Он такой, конечно, современник и ровесник Бодлера, но русскую поэзию то ли губит, то ли спасает социальность. Чистая эстетизация безобразного, чистые такие «Цветы зла» — у нас этого никогда нет. Наши проклятые поэты, poète maudit так называемые, они всегда очень сильно подвержены вине перед народом, проблеме социальной. И там, где у Бодлера, например, была бы чисто садомазохистская сцена — там у Некрасова:
Вчерашний день, часу в шестом,
Зашел я на Сенную;
Там били женщину кнутом,
Крестьянку молодую.
Ни звука из её груди,
Лишь бич свистел, играя…
И Музе я сказал: «Гляди!
Сестра твоя родная!»
У Некрасова первая, пожалуй, особенность его лирики — это то, что поэт прикован взглядом ко всему омерзительному, и ко всему самому страшному — «Мерещится мне всюду драма», и всегда за всех виноват, всегда он упрекает себя в конформизме. Некрасов, конечно, первый в России поэт раздвоения личности, поэт того, что сегодня назвали бы биполярным расстройством.

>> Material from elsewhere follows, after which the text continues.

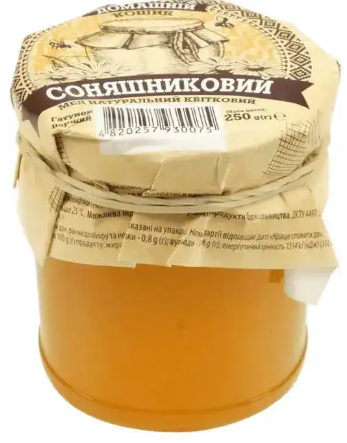 Мед Домашній кошик соняшниковий, 250г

Я помню, как я школьникам показывал на Литейном, наряду с некрасовской счастливой колодой карт и с чучелом медведя, им убитым, тот самый диван, на котором он пролеживал сутками во время депрессии лицом к стене, носом в спинку этого дивана, никому не отвечая и никого не принимая. А потом как-то проходило, начинались опять периоды бурной деятельности — по 50 листов корректуры в месяц.
Он действительно в «Поэте и гражданине» абсолютно достоверно изобразил себя. Биполярное расстройство — это же не встреча поэта с гражданином, это встреча тех двух ипостасей его личности, на которые в следующих инкарнациях он и развалился, распополамился. Причем пьянство досталось Есенину, а картежничество — Маяковскому.

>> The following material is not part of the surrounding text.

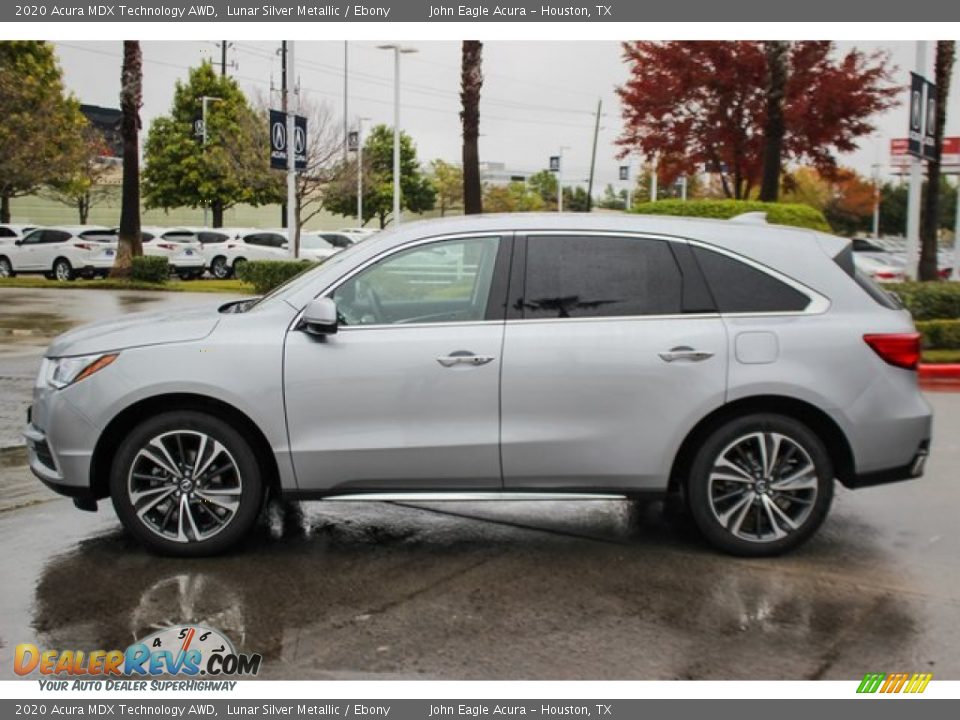 2020 Acura MDX Technology AWD Lunar Silver Metallic / Ebony Photo #5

Вот это очень интересно, как ровно пополам развалился этот автор в следующих своих воплощениях. Бродский и Высоцкий — это тоже две половинки, две ипостаси Некрасова. Ну потому что стало невозможно сочетать патриотизм и гражданственность, они распались на два полюса этой личности. А Некрасов потому и страдал от биполярного расстройства, что поэт и гражданин в нем уживались ещё, хотя и постоянно ссорились. Поэт действительно пытался оторваться от жизни и забыться, а гражданин, как чеховский человек с молоточком, все время напоминал ему о всемирной трагедии.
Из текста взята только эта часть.